Skateboarders have always taken pride in being a part of the counterculture because all people are truly welcome in the skate community. This concept of non-exclusion is what gives skateboarding its appeal and it hasn’t gone unnoticed.

The last few years have seen a major rise in corporate involvement. Brands like Levi’s and New Balance are two of the more recent corporations to sponsor some of the most prized contributors in skateboarding.

While these large brands are welcomed by many skateboarders, they always make it very difficult for skater-owned-and-operated companies to thrive.

Skateboarding’s popularity in 2013 is as high as ever. Mall franchises like Zumiez and CCS sell everything skate-related from clothes to wheels. Small, skater-owned brands like Lakai Footwear are sold at these stores besides mammoth companies like Nike, Adidas, Converse and Dickies.
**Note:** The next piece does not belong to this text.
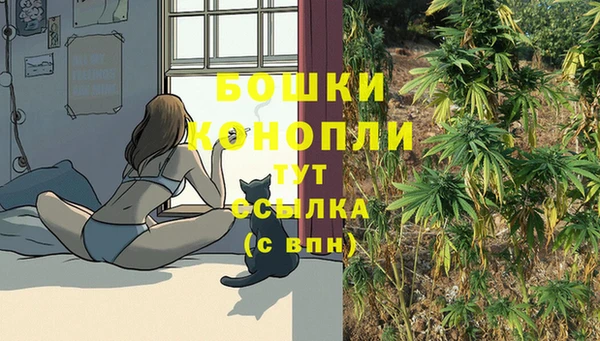 крисы Козловка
The landscape of any skate shop was very different 13 years ago. Big-name brands were nowhere to be seen. As time went by, and more kids picked up skating, large corporations outside of skateboarding wanted in on the action, which spawned the likes of Nike SB, Adidas Skateboarding and CONS.

“They are trying to go where the money’s at,” said junior communication studies Nick Taylor.
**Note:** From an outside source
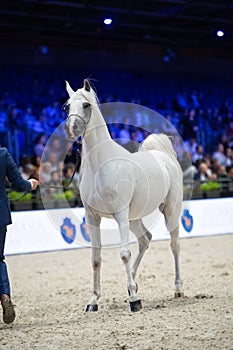 Beautiful white purebred arabian horse posing at competition. cover manege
Nike was one of the first to be criticized for sponsoring well-respected professionals in the industry. Initially unwelcome by many, Nike gained a following by offering the public a superior product.
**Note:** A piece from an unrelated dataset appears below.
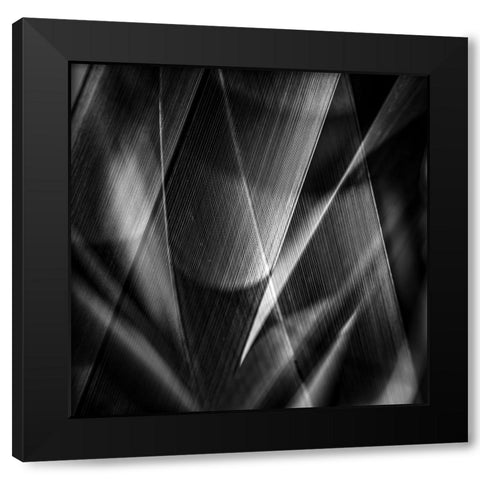 Shadows a edges ab Black Modern Wood Framed Art Print with Double Matting by Ciappara Lrps., Simon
“I think Nike is one of the few companies that can do it just because they have so much money and so many resources to put into skateboarding,” said junior recreations parks and tourism administration Matt Gowans.

Other corporations have followed suit and have been very successful. Unfortunately, most skater-owned brands cannot offer what these huge companies can because their budget and influence outside of skateboarding isn’t impressive.

Core skate brands offer more than sponsorship but they also serve as a hub in the skate community by sponsoring events, putting demos and trips together or just making decisions. These factors often contribute to missing out on competing with the big brands.

Competing is tough when a core brand is trying to progress the sport and support the community it participates in while the big corporations are simply trying to move units.

“Core skateboard companies owned by skaters haven’t adjusted to what the consumer really desires from that skateboard company,” said FTC Sacramento skate shop co-owner Edward Lee.

These businesses don’t see skateboarding the same way the contributors do. The product that is sold to simply do the act is such a small portion of what skateboarding really is. But because you can’t buy style, speed or aggression, the corporations are going to try to offer their version of the ideal skater to you.

Additionally, it is difficult to be a skateboarder and vote with your wallet when it comes to supporting brands you might like – appearances are deceiving. For example, Vans shoes is owned by VF Corporation, the largest apparel corporation in the world. The highly respected East Coast brand Zoo York is owned by Iconix which owns Ed Hardy and Rocawear. 

This shows us the big brand take over is already happening and only time will tell how far the skate community is willing to accept their presence.